Six Russian military manufacturers are in the Defense News 2018 “Top 100” ranking of global arms traders, all of them within the top 50 list. One company, JSC Concern Almaz-Antey – a major government contractor made to the top 10, moving up from 11th last year to 8th this year.
The Defense News ranking shows, that 100% of JSC Almaz-Antey’s revenue comes from defense which accounted for a 39% increase from $6.58 billion in 2016 to $9.1 billion in 2018.
The Stockholm International Peace Research Institute rank for JSC Almaz-Antey is slightly lower -- 24th in 2016 but still up from 26th in 2015.
The Russian state media reported the ranking as the nation’s major achievement emphasizing the accomplishment despite the fact that for the last four years the company has been under sanctions, both from the United States and the European Union.
The CEO of JSC Concern Almaz-Antey Yan Novikov in a statement regarding his firm’s 2018 ranking specifically pointed to the expansion of the company’s exports in spite of the sanctions.
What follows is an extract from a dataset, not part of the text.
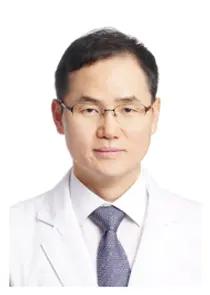 고대안암, 남성암 중 2위 전립선암 초기 검진이 가장 중요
He said Almaz-Antey delivers its products to global arms markets directly and via state defense agency Rosoboronexport, which is also under U.S. and EU sanctions.
“For the rest of the world both the U.S. and EU sanctions do not really mean anything,” Siemon Wezeman Senior Researcher Arms and Military Expenditure Program at the Stockholm International Peace Research Institute (SIPRI) told Polygraph.info.
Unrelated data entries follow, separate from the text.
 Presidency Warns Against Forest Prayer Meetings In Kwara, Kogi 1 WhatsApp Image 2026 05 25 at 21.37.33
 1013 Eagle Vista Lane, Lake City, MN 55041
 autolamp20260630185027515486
“Thus, Russia could and did just go on selling weapons to other countries. As long a no U.S. or European actors, territory or components are involved, there is no problem for either Russia or the buyer,” Wezeman said.
The SIPRI 2018 report places Russia as the second [after the United States] largest arm exporter in the world with 22 percent of global share.
The success of JSC Concern Almaz-Antey’s “is not surprising,” Wezeman said. The company produces “highly advanced air defense systems that do very well in Russia and the world market with only limited competition, selling for example to India, Vietnam, China, Algeria, Egypt and Turkey.”
Almaz-Antey’s most famous or, rather, infamous product is the Buk missile system, the same one used to shoot down the Malaysian passenger jet MH-17 over eastern Ukraine in July 2014. The Joint Investigation Team said Russia was responsible, and identified the Buk, and the Russian military unit to which the individual missile was assigned.
In 2015, Almaz-Antey's CEO Yan Novikov said evidence showed the plane was indeed hit by one of its BUK missile systems, but that the weapon was an older Soviet model no longer used by the Russian military. The later has been debunked as a false claim.
There are several factors complicating analysis of the export-import schemes and mapping Russian arms trade, mainly due to the lack of transparency.
In November 2016, Vladimir Putin signed a presidential decree making “top secret” all information regarding “Russian Federation military-technical cooperation with foreign states,” stating that “distribution of such information can cause damage to the state security.”
“Almaz-Antey has, since 2014, not published any official data and its results could only be estimated based on various pieces of information from company statements or other sources,” Wezeman said.